When I asked a crew doing infrared scans on switchgear whether they were going to scan their printed circuit boards, they looked at me as though I had just landed from Mars.  I2R losses cause system failures as easily in PC boards as they do in bus work; not as dramatically, but certainly as effectively, and an IR camera will detect this and other problems.  Many PC boards are difficult to access, but many are easily scanned with an infrared camera.  This technology should not be restricted to only high-current concerns; they can be used anywhere there is heat.

IR cameras are now common in industry, with many large facilities havening them in each of their departments.  With such popularity, the prices have dropped dramatically while usability has increased substantially.  I have had many non-electrical managers express great pride in the thoroughness of their electrical maintenance program because they conduct regular IR scans.

But while IR detects, there are also serious problems to which the technology is blind.  For example, at 2.4kV and above, corona and partial discharge will slowly destroy insulation, and these problems require different detection methods.  When they go undetected, explosions and injuries can result.

There are a host of specialty tests that can be done on electrical systems, but they are restricted by knowledge, commitment and budgets.

Our new Canadian maintenance standard, CSA Z463 “Guideline on Maintenance of Electrical Systems”, will be soon published.  Our national team of experts began working on this in March 2011, and we just had our final meeting and voting in June.

The need for this standard became apparent with the advent and roll out of CSA Z462 “Workplace Electrical Safety”, which was borne in 2008 out of its American counterpart, NFPA 70E “Standard for Electrical Safety in the Workplace”, which has been broadly adopted by Canadian industry.
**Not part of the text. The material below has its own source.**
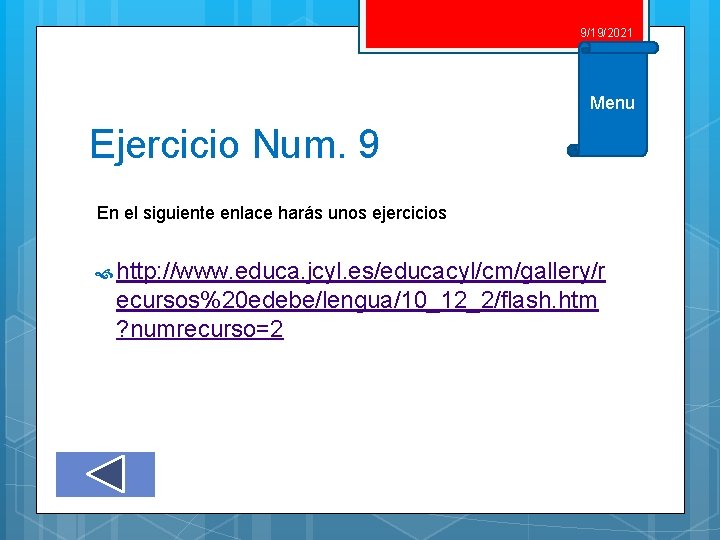 9/19/2021 Menu Ejercicio Num. 9 En el siguiente enlace harás unos ejercicios http: //www. 9/19/2021 Menu Ejercicio Num. 9 En el siguiente enlace harás unos ejercicios http: //www.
These standards both became necessary after decades of electrical incidents killed or permanently disabled workers, and it became overwhelmingly obvious that policies, standards, procedures, practices and PPE (personal protective equipment) needed to be adopted and used.

With these standards came the ugly realization that adopting and implementing these safety standards means very little when an electrical system is not properly maintained.  Hence, CSA Z463.